Rumours flew that candidate Higgs boson events might be revealed at the summer 2011 physics conferences. The ATLAS and CMS experiments showed modest excesses of events between 115 and 145 GeV but little else worthy of a press release. CERN could rule out Higgs masses down to 145 GeV and beyond 177 GeV, improving significantly upon the existing Fermilab limits. The Higgs boson was running out of places to hide. If it indeed existed, it now had to be confined to a narrowing range of possible masses between 114 GeV and 145 GeV.

Data deluge

That autumn LHC operators steadily prodded its luminosity to new heights. By the end of the 2011 runs, both experiments had accumulated almost half of what the Fermilab experiments had managed over the previous decade – and at 3.5 times the energy. Events flooded in almost too fast to be recorded. And a small fraction of them looked just as expected for a Higgs boson with a mass close to 125 GeV. In a proton collider such as the LHC, the dominant production mechanism for such a particle is “gluon fusion”, in which gluons in two colliding protons merge to create a Higgs boson, which should quickly break up mainly into two bottom quarks, the most massive final state readily accessible. But that signal would be buried under a huge, burdensome mountain of noise; it is thus very difficult to extract, due to the detectors’ poor energy resolution for hadron jets.

ATLAS and CMS Higgs hunters therefore focused instead on final states with two photons or four charged leptons (electrons or muons), for which they did have good energy resolution and could observe all of the decay products. Although these are rare decay modes, occurring much less than 1% of the time, the narrow peaks that result from plotting such events versus their total energy (or, more accurately, invariant mass) should jut up above the smooth continua of two-photon and four-lepton background events. And that indeed seemed to be the case – especially for the two-photon final state, for which both experiments witnessed more than 70 excess events near 125 GeV. In addition, ATLAS physicists unearthed a few extra four-lepton events at the same energy, while CMS found a similar surfeit near 120 GeV. Something new and Higgs-like was happening in this vicinity.

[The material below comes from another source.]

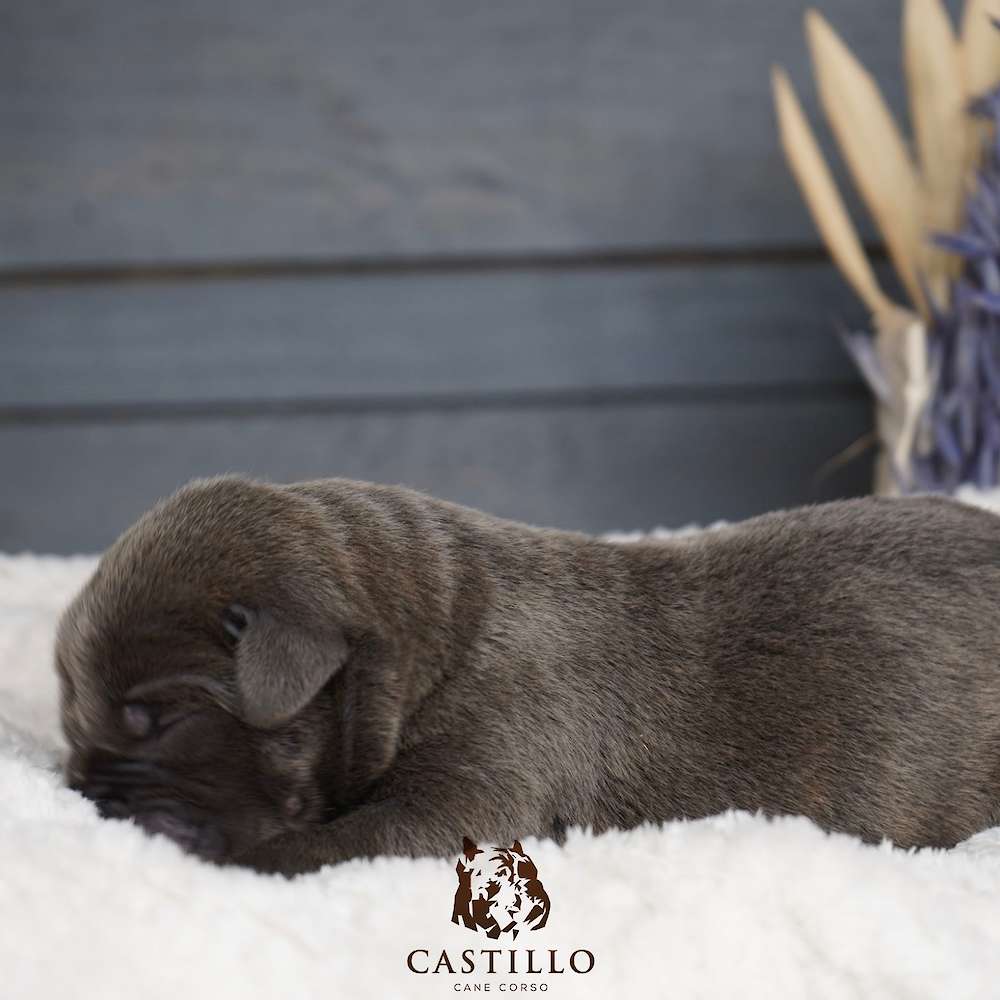 Batista X Bvlgari Litter A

CERN went cautiously public with these preliminary results in a dual seminar on 13 December 2011, viewed on webcast by thousands of particle physicists and science reporters around the globe. Expectations were high, as rumours of a discovery had been percolating for over a week. But nobody (except some in the press) claimed a discovery. “We have restricted the most likely mass region for the Higgs boson to 116–130 GeV, and over the last few weeks we have started to see an intriguing excess around 125 GeV,” noted ATLAS spokesperson Fabiola Gianotti. Tonelli agreed with her assessment, admitting that CMS physicists “cannot exclude the presence of the Standard Model Higgs between 115 and 127 GeV because of a modest excess of events in this mass region”.

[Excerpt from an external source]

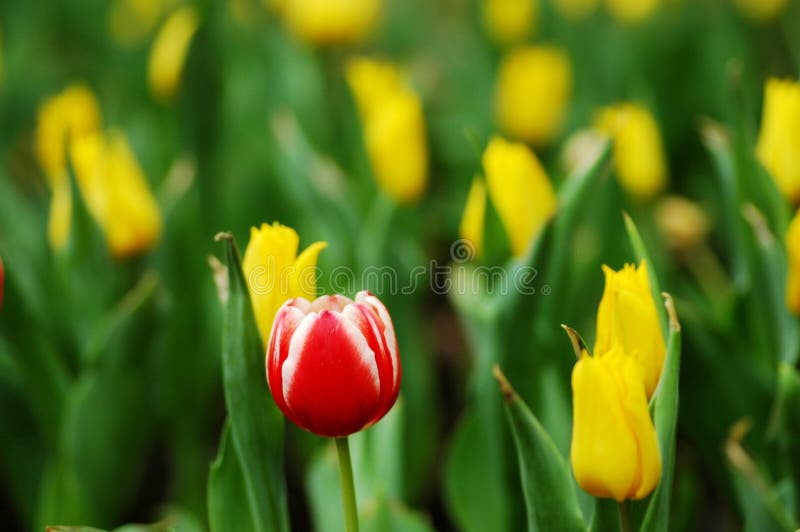 Outstanding red&white tulip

What was new and strikingly different this time was how ATLAS and CMS corroborated one another, revealing intriguing peaks beginning to emerge near 125 GeV. In addition, the CMS experiment had found Higgs-like events in a few other decay modes at about the expected rates. When the combined analyses of these two experiments were published the following February, both the ATLAS and CMS experiments claimed to be observing better than 3σ effects near 125 GeV. But after further data analysis, the statistical significance fell below that level in results presented at the March 2012 Moriond Conference in La Thuile, Italy, considered the principal winter gathering for particle physics. And when the “look-elsewhere effect” (see Physics World August p26) was included, the significance dropped to just above 2σ. These were not yet robust results.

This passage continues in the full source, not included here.